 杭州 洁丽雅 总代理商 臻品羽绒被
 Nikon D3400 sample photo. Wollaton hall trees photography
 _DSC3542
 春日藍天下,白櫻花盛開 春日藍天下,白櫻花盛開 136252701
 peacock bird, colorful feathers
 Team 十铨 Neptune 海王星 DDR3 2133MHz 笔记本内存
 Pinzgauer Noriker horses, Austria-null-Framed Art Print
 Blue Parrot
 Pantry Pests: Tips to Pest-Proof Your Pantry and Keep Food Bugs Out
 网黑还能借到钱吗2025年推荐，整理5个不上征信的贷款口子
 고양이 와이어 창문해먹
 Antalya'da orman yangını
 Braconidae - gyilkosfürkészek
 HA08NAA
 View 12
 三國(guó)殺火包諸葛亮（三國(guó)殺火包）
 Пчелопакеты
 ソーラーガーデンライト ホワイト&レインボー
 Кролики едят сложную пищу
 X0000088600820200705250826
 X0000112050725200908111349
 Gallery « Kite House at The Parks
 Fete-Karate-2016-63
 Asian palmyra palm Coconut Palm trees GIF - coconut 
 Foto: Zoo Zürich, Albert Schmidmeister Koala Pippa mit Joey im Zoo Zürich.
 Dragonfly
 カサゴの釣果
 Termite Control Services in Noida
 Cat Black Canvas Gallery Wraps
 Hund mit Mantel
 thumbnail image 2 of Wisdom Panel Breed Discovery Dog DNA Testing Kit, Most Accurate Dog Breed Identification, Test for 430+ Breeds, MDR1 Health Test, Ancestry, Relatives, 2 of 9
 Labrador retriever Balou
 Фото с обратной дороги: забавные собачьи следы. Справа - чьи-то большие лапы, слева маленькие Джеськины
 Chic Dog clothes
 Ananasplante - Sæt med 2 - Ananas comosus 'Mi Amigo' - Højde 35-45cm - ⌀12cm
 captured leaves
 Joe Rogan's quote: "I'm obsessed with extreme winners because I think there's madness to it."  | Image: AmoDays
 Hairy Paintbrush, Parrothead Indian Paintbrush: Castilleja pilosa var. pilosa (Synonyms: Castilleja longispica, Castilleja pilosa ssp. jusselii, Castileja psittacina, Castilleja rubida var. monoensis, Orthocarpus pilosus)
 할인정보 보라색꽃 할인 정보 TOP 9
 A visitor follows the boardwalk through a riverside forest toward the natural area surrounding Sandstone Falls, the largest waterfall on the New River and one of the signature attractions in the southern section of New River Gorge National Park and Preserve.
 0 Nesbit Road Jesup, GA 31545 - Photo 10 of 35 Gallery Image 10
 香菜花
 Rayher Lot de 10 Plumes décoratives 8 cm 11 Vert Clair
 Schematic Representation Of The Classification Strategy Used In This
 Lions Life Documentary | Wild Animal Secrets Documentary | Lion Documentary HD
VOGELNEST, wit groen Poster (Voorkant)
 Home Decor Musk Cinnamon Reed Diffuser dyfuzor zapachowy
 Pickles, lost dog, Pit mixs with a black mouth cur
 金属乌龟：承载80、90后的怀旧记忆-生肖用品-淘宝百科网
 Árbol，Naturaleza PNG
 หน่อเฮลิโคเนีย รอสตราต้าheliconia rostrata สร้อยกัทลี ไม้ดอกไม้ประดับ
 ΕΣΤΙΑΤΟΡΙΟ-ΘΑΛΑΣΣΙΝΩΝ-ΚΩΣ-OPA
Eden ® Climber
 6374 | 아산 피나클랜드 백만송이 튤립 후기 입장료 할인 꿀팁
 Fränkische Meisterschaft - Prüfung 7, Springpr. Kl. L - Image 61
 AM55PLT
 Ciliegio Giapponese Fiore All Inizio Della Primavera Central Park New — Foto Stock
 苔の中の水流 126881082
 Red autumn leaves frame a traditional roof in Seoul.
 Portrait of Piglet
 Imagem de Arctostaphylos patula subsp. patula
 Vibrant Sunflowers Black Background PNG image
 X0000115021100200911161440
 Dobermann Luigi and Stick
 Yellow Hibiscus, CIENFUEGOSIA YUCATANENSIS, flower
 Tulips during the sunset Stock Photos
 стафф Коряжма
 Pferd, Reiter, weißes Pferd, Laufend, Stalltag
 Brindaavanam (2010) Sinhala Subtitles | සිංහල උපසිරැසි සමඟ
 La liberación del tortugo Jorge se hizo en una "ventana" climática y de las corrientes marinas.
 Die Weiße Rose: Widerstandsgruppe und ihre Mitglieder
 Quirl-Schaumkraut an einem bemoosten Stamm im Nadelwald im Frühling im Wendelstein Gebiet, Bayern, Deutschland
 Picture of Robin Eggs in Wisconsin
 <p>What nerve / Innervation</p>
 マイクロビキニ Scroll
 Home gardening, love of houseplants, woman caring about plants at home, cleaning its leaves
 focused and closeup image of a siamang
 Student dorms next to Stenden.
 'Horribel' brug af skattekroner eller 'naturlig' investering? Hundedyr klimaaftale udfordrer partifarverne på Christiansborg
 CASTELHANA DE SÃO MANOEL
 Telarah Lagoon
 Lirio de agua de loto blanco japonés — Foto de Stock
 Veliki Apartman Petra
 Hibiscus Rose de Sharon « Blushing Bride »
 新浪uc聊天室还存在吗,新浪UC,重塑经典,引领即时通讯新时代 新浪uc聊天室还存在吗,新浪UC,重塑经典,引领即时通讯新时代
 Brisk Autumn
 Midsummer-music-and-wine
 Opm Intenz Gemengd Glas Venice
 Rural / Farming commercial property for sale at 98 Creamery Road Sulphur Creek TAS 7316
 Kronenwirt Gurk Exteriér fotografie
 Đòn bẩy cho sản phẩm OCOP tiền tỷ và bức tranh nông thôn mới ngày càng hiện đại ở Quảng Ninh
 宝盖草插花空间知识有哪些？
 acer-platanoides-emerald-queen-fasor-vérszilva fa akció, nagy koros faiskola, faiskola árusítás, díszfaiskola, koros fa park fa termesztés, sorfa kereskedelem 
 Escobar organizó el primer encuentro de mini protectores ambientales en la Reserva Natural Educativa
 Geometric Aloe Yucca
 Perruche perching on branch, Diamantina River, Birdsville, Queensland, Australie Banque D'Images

::::::::::

(DIRECTIONS FOR THIS TASK) The entire listing is to be printed once more, word for word.

(EXERCISE RESPONSE)
 杭州 洁丽雅 总代理商 臻品羽绒被
 Nikon D3400 sample photo. Wollaton hall trees photography
 _DSC3542
 春日藍天下,白櫻花盛開 春日藍天下,白櫻花盛開 136252701
 peacock bird, colorful feathers
 Team 十铨 Neptune 海王星 DDR3 2133MHz 笔记本内存
 Pinzgauer Noriker horses, Austria-null-Framed Art Print
 Blue Parrot
 Pantry Pests: Tips to Pest-Proof Your Pantry and Keep Food Bugs Out
 网黑还能借到钱吗2025年推荐，整理5个不上征信的贷款口子
 고양이 와이어 창문해먹
 Antalya'da orman yangını
 Braconidae - gyilkosfürkészek
 HA08NAA
 View 12
 三國(guó)殺火包諸葛亮（三國(guó)殺火包）
 Пчелопакеты
 ソーラーガーデンライト ホワイト&レインボー
 Кролики едят сложную пищу
 X0000088600820200705250826
 X0000112050725200908111349
 Gallery « Kite House at The Parks
 Fete-Karate-2016-63
 Asian palmyra palm Coconut Palm trees GIF - coconut 
 Foto: Zoo Zürich, Albert Schmidmeister Koala Pippa mit Joey im Zoo Zürich.
 Dragonfly
 カサゴの釣果
 Termite Control Services in Noida
 Cat Black Canvas Gallery Wraps
 Hund mit Mantel
 thumbnail image 2 of Wisdom Panel Breed Discovery Dog DNA Testing Kit, Most Accurate Dog Breed Identification, Test for 430+ Breeds, MDR1 Health Test, Ancestry, Relatives, 2 of 9
 Labrador retriever Balou
 Фото с обратной дороги: забавные собачьи следы. Справа - чьи-то большие лапы, слева маленькие Джеськины
 Chic Dog clothes
 Ananasplante - Sæt med 2 - Ananas comosus 'Mi Amigo' - Højde 35-45cm - ⌀12cm
 captured leaves
 Joe Rogan's quote: "I'm obsessed with extreme winners because I think there's madness to it."  | Image: AmoDays
 Hairy Paintbrush, Parrothead Indian Paintbrush: Castilleja pilosa var. pilosa (Synonyms: Castilleja longispica, Castilleja pilosa ssp. jusselii, Castileja psittacina, Castilleja rubida var. monoensis, Orthocarpus pilosus)
 할인정보 보라색꽃 할인 정보 TOP 9
 A visitor follows the boardwalk through a riverside forest toward the natural area surrounding Sandstone Falls, the largest waterfall on the New River and one of the signature attractions in the southern section of New River Gorge National Park and Preserve.
 0 Nesbit Road Jesup, GA 31545 - Photo 10 of 35 Gallery Image 10
 香菜花
 Rayher Lot de 10 Plumes décoratives 8 cm 11 Vert Clair
 Schematic Representation Of The Classification Strategy Used In This
 Lions Life Documentary | Wild Animal Secrets Documentary | Lion Documentary HD
VOGELNEST, wit groen Poster (Voorkant)
 Home Decor Musk Cinnamon Reed Diffuser dyfuzor zapachowy
 Pickles, lost dog, Pit mixs with a black mouth cur
 金属乌龟：承载80、90后的怀旧记忆-生肖用品-淘宝百科网
 Árbol，Naturaleza PNG
 หน่อเฮลิโคเนีย รอสตราต้าheliconia rostrata สร้อยกัทลี ไม้ดอกไม้ประดับ
 ΕΣΤΙΑΤΟΡΙΟ-ΘΑΛΑΣΣΙΝΩΝ-ΚΩΣ-OPA
Eden ® Climber
 6374 | 아산 피나클랜드 백만송이 튤립 후기 입장료 할인 꿀팁
 Fränkische Meisterschaft - Prüfung 7, Springpr. Kl. L - Image 61
 AM55PLT
 Ciliegio Giapponese Fiore All Inizio Della Primavera Central Park New — Foto Stock
 苔の中の水流 126881082
 Red autumn leaves frame a traditional roof in Seoul.
 Portrait of Piglet
 Imagem de Arctostaphylos patula subsp. patula
 Vibrant Sunflowers Black Background PNG image
 X0000115021100200911161440
 Dobermann Luigi and Stick
 Yellow Hibiscus, CIENFUEGOSIA YUCATANENSIS, flower
 Tulips during the sunset Stock Photos
 стафф Коряжма
 Pferd, Reiter, weißes Pferd, Laufend, Stalltag
 Brindaavanam (2010) Sinhala Subtitles | සිංහල උපසිරැසි සමඟ
 La liberación del tortugo Jorge se hizo en una "ventana" climática y de las corrientes marinas.
 Die Weiße Rose: Widerstandsgruppe und ihre Mitglieder
 Quirl-Schaumkraut an einem bemoosten Stamm im Nadelwald im Frühling im Wendelstein Gebiet, Bayern, Deutschland
 Picture of Robin Eggs in Wisconsin
 <p>What nerve / Innervation</p>
 マイクロビキニ Scroll
 Home gardening, love of houseplants, woman caring about plants at home, cleaning its leaves
 focused and closeup image of a siamang
 Student dorms next to Stenden.
 'Horribel' brug af skattekroner eller 'naturlig' investering? Hundedyr klimaaftale udfordrer partifarverne på Christiansborg
 CASTELHANA DE SÃO MANOEL
 Telarah Lagoon
 Lirio de agua de loto blanco japonés — Foto de Stock
 Veliki Apartman Petra
 Hibiscus Rose de Sharon « Blushing Bride »
 新浪uc聊天室还存在吗,新浪UC,重塑经典,引领即时通讯新时代 新浪uc聊天室还存在吗,新浪UC,重塑经典,引领即时通讯新时代
 Brisk Autumn
 Midsummer-music-and-wine
 Opm Intenz Gemengd Glas Venice
 Rural / Farming commercial property for sale at 98 Creamery Road Sulphur Creek TAS 7316
 Kronenwirt Gurk Exteriér fotografie
 Đòn bẩy cho sản phẩm OCOP tiền tỷ và bức tranh nông thôn mới ngày càng hiện đại ở Quảng Ninh
 宝盖草插花空间知识有哪些？
 acer-platanoides-emerald-queen-fasor-vérszilva fa akció, nagy koros faiskola, faiskola árusítás, díszfaiskola, koros fa park fa termesztés, sorfa kereskedelem 
 Escobar organizó el primer encuentro de mini protectores ambientales en la Reserva Natural Educativa
 Geometric Aloe Yucca
 Perruche perching on branch, Diamantina River, Birdsville, Queensland, Australie Banque D'Images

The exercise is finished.